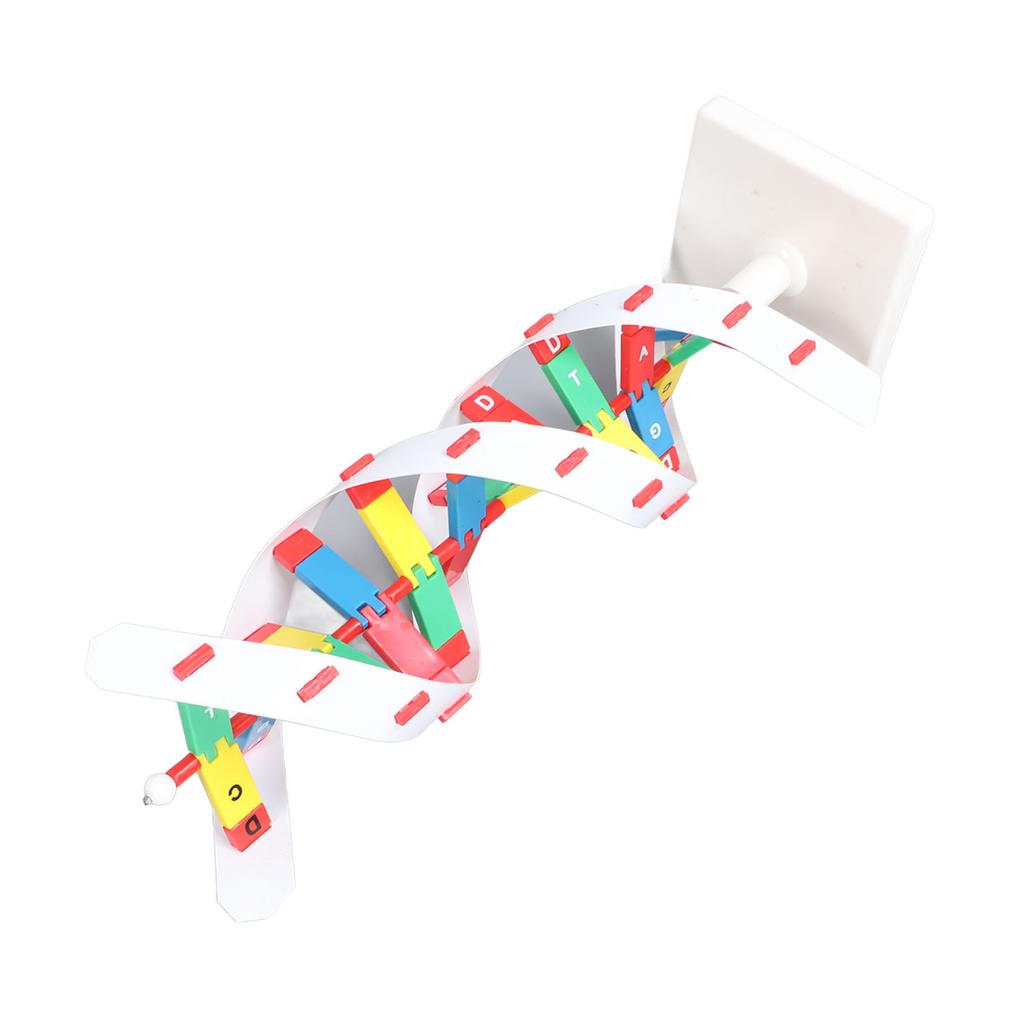 Kolorowy model podwójnej spirali DNA, model do składania, naukowa zabawka edukacyjna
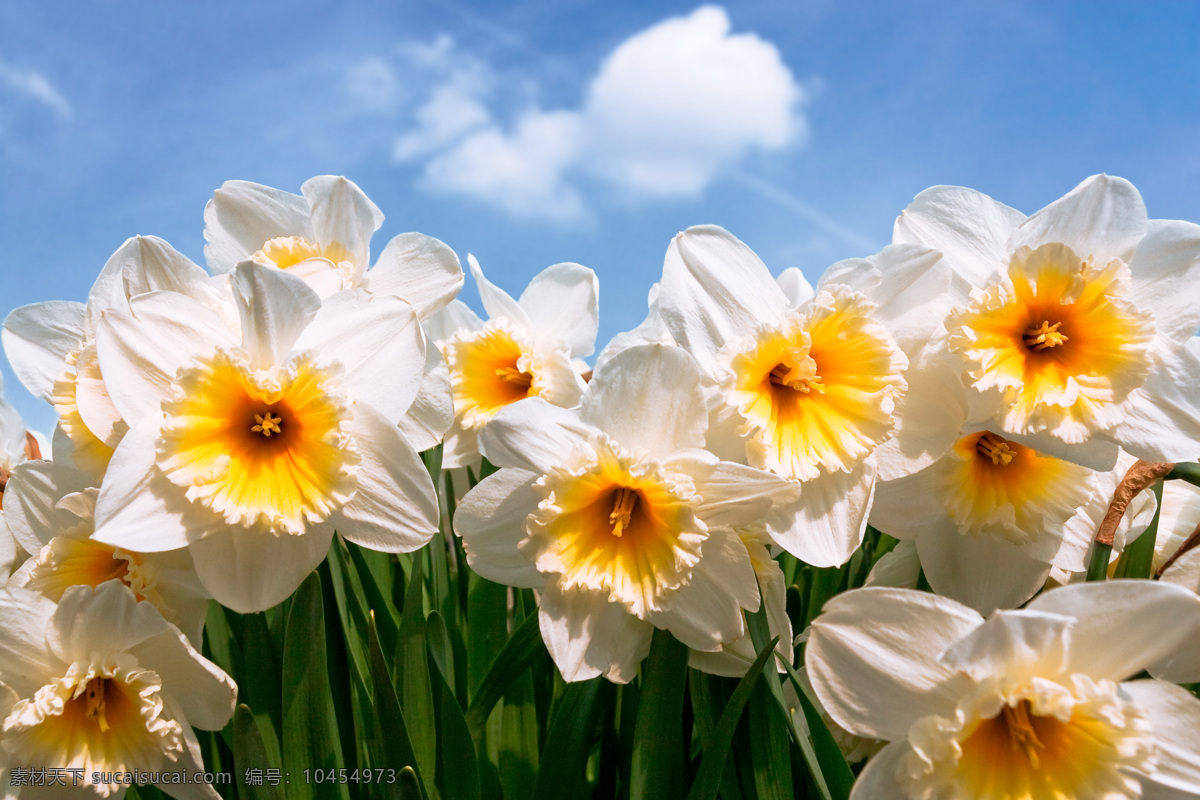 水仙花 高清 大全 白色鲜花 唯美花朵 自然花朵 浪漫花朵 蓝天白云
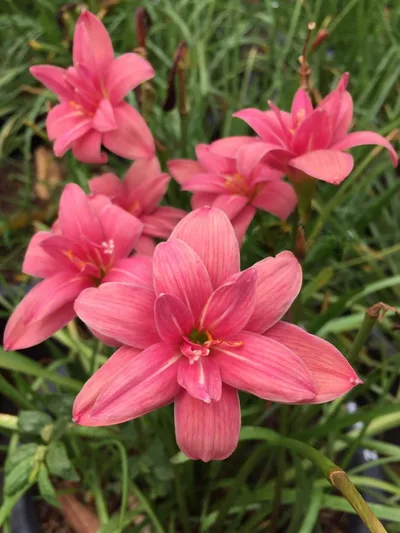 Rain Lily Pink Ruby — thumbnail 3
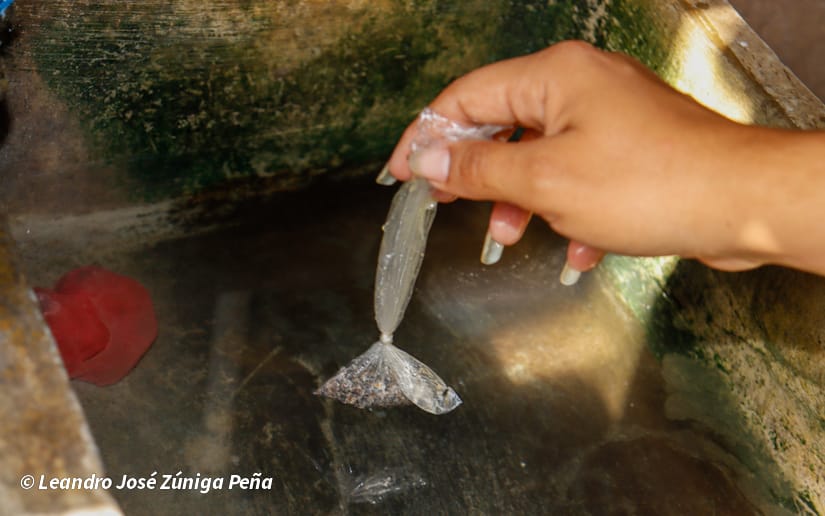 Eliminacion-de-zancudos-4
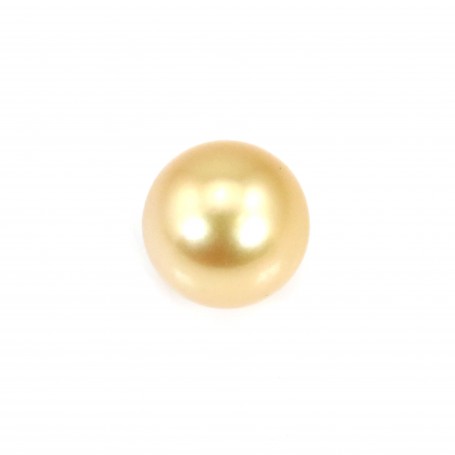 Perle des mers du Sud, dorée, semi-ronde, 11.5-12mm x 1pc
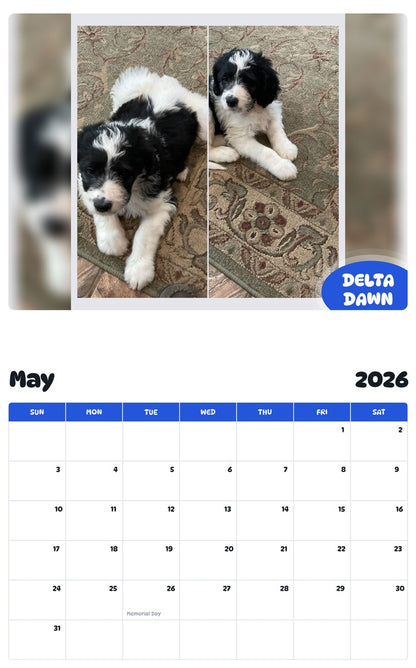 2026 - 2027 DELTA DAWN - Pawidols Pet Calendar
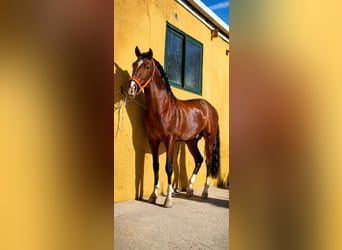 Cruzado, Hengst, 5 Jaar, 160 cm, Lichtbruin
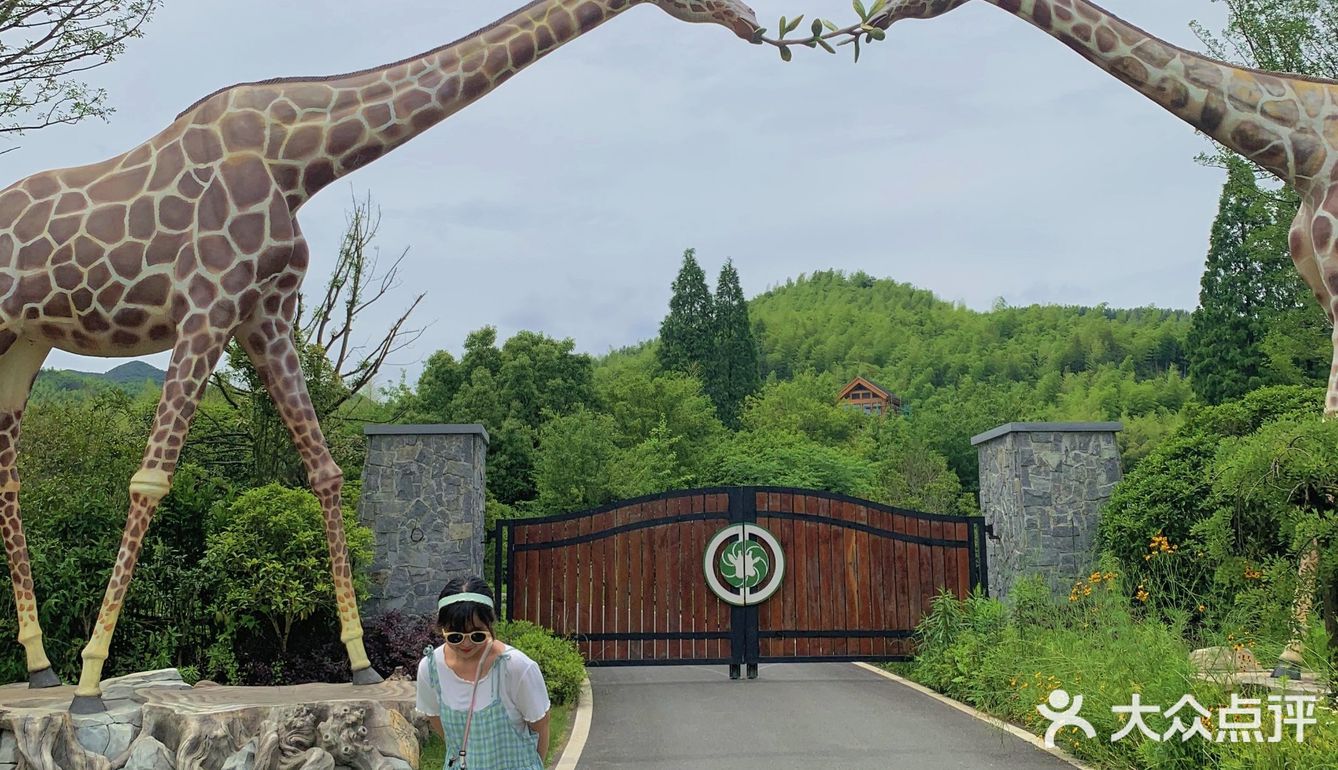 跟着跑男打卡[胜利]国内版肯尼亚9690长劲鹿庄园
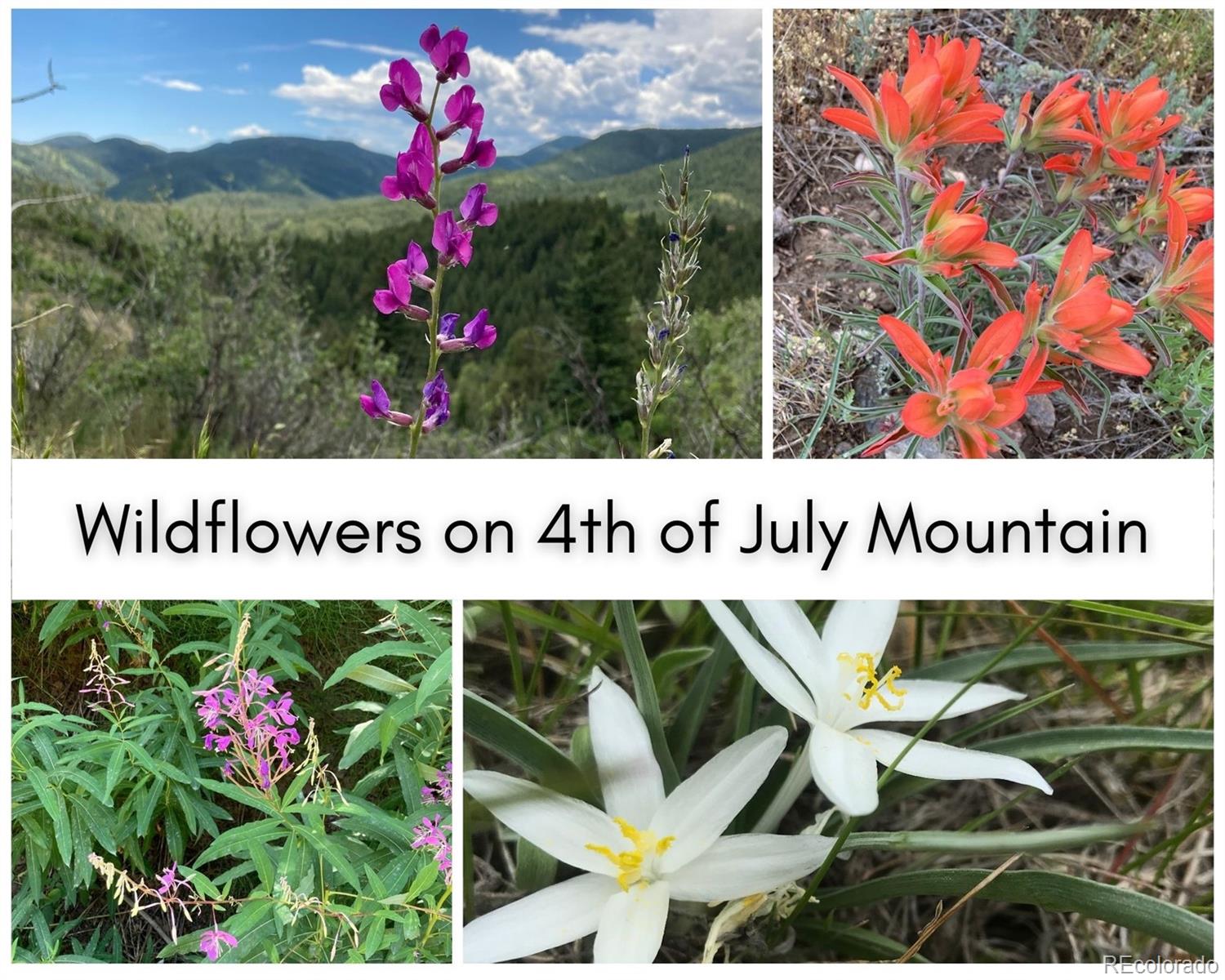 0 North Canyon Road Littleton, CO 80127 - Photo 13 of 22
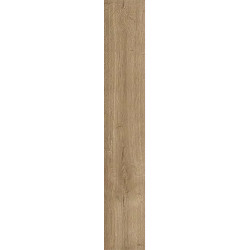 Керамогранит Atlas Concorde Russia 610010003131 Fusion Oak/Фьюжн Оак Голден 20x120 Рет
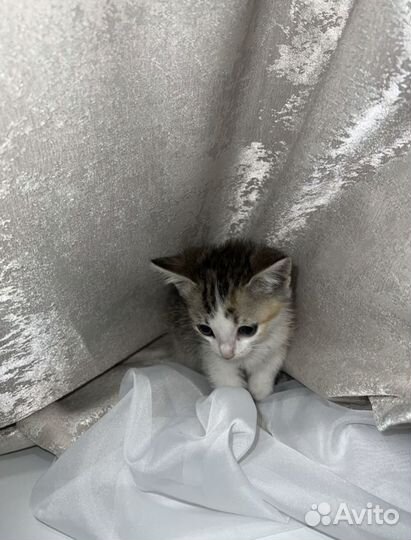 Котёнок с лотком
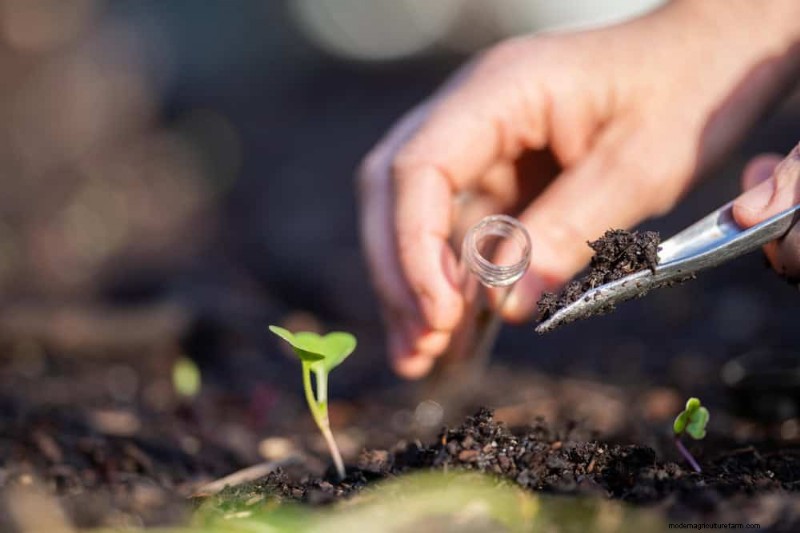 Winter Soil Health Check: 11 Methods for Spring Success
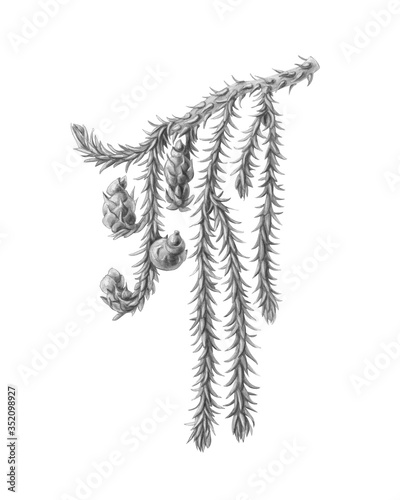 Rimu Tree Pencil Illustration Isolated on White with Clipping Path photo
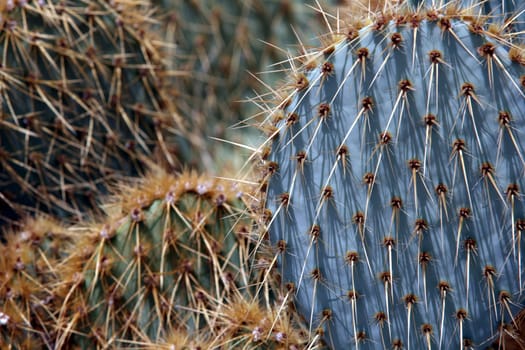Prickly pear cacti - Joshua Tree National Park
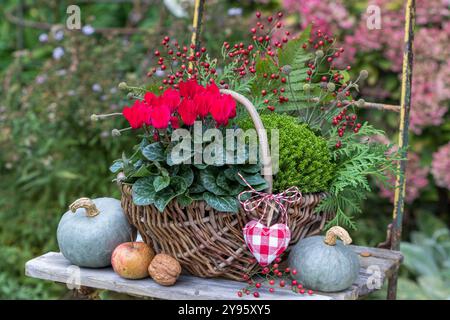 Rote Cyclamen-Blüte, Sträucher veronica und Rosenhüften in einem Korb im Herbstgarten Stockfoto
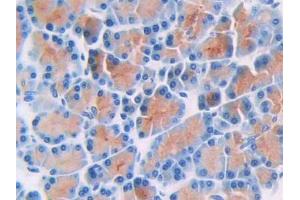 DAB staining on IHC-P; Samples: Rat Pancreas Tissue (Thymidine Phosphorylase 抗体  (AA 33-290))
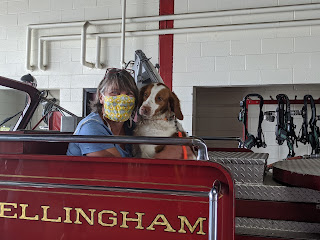 Town Councilor Melanie Hamblen in the 1949 LaFrance fire truck when received back from Bellingham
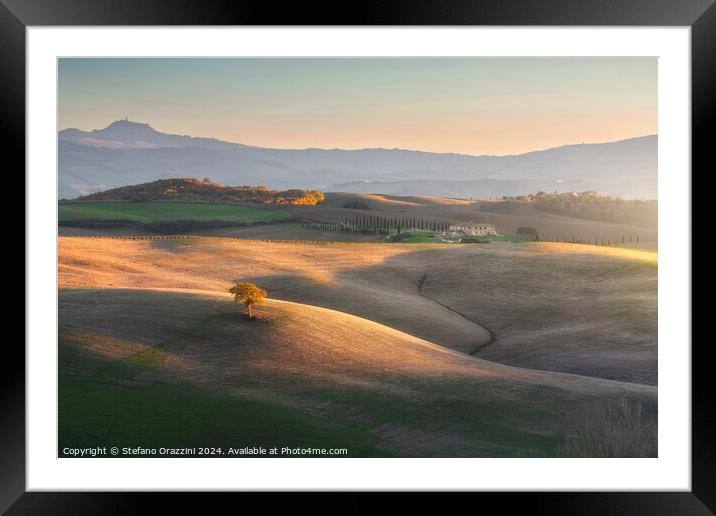 Lonely tree on the hills of Val d'Orcia. Tuscany Framed Mounted Print by Stefano Orazzini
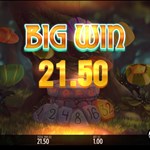 Big Win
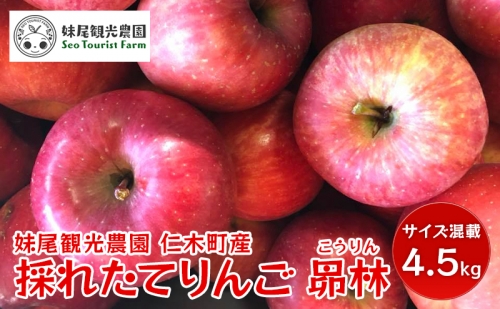 仁木町の採れたてりんご「昴林（こうりん）」4.5kg≪妹尾観光農園≫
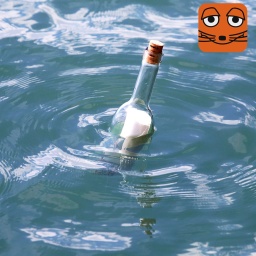 Flaschenpost im Wasser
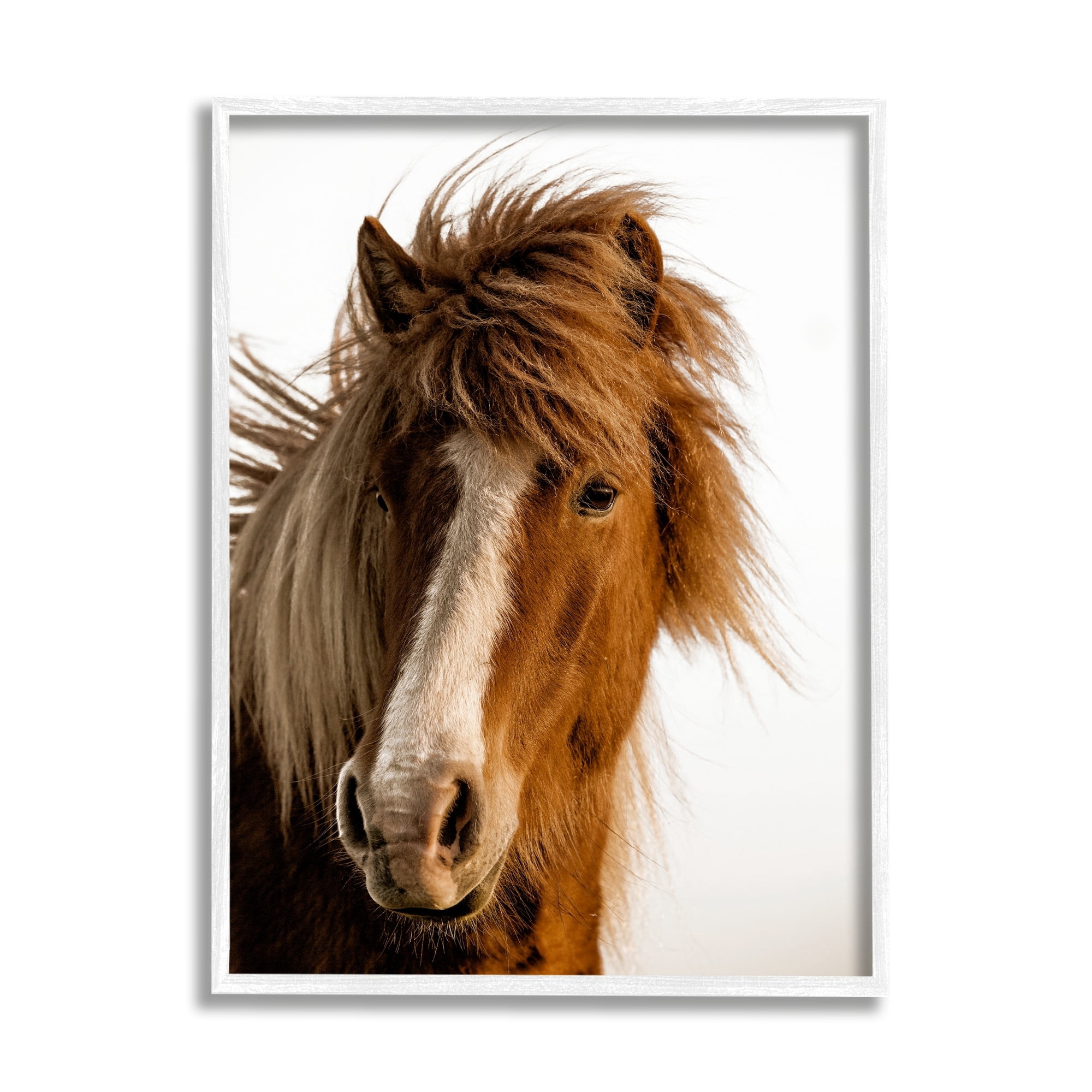 Stupell Industries Long Mane Horse Equestrian Portrait Brown Animal Photograph, 16 x 20, Design by Danita Delimont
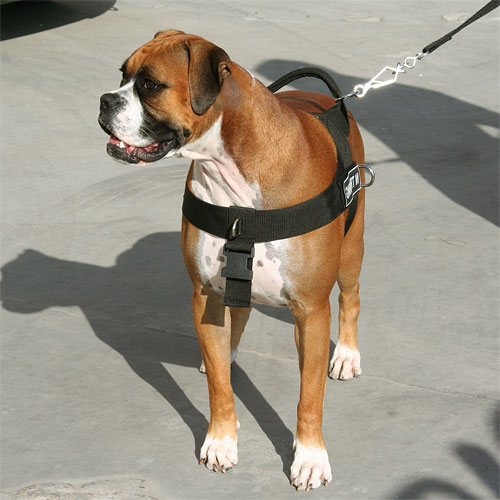 Boxer dog nylon harness DE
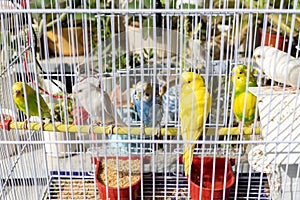 Bellissimo parrocchetto pappagalli gabbia alimentazione un potabile Acqua 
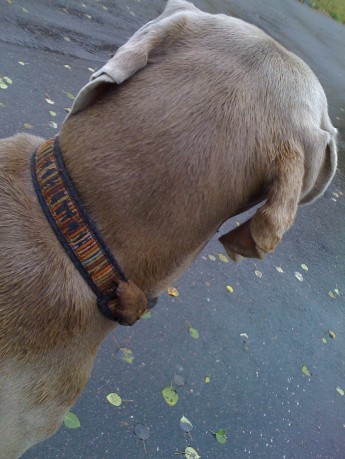 IMG_0264 There's nothing like a large glob of elk poop on your dog's collar to get your senses fired up.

• TASK ITEM:
Could you set down, exactly as written, every line from the start of the records above through the line containing "Lonely tree on", leaving the pictures out?

• OUTPUT:
 Kolorowy model podwójnej spirali DNA, model do składania, naukowa zabawka edukacyjna
 水仙花 高清 大全 白色鲜花 唯美花朵 自然花朵 浪漫花朵 蓝天白云
 Rain Lily Pink Ruby — thumbnail 3
 Eliminacion-de-zancudos-4
 Perle des mers du Sud, dorée, semi-ronde, 11.5-12mm x 1pc
 2026 - 2027 DELTA DAWN - Pawidols Pet Calendar
 Cruzado, Hengst, 5 Jaar, 160 cm, Lichtbruin
 跟着跑男打卡[胜利]国内版肯尼亚9690长劲鹿庄园
 0 North Canyon Road Littleton, CO 80127 - Photo 13 of 22
 Керамогранит Atlas Concorde Russia 610010003131 Fusion Oak/Фьюжн Оак Голден 20x120 Рет
 Котёнок с лотком
 Winter Soil Health Check: 11 Methods for Spring Success
 Rimu Tree Pencil Illustration Isolated on White with Clipping Path photo
Prickly pear cacti - Joshua Tree National Park
 Rote Cyclamen-Blüte, Sträucher veronica und Rosenhüften in einem Korb im Herbstgarten Stockfoto
 DAB staining on IHC-P; Samples: Rat Pancreas Tissue (Thymidine Phosphorylase 抗体  (AA 33-290))
 Town Councilor Melanie Hamblen in the 1949 LaFrance fire truck when received back from Bellingham
 Lonely tree on the hills of Val d'Orcia. Tuscany Framed Mounted Print by Stefano Orazzini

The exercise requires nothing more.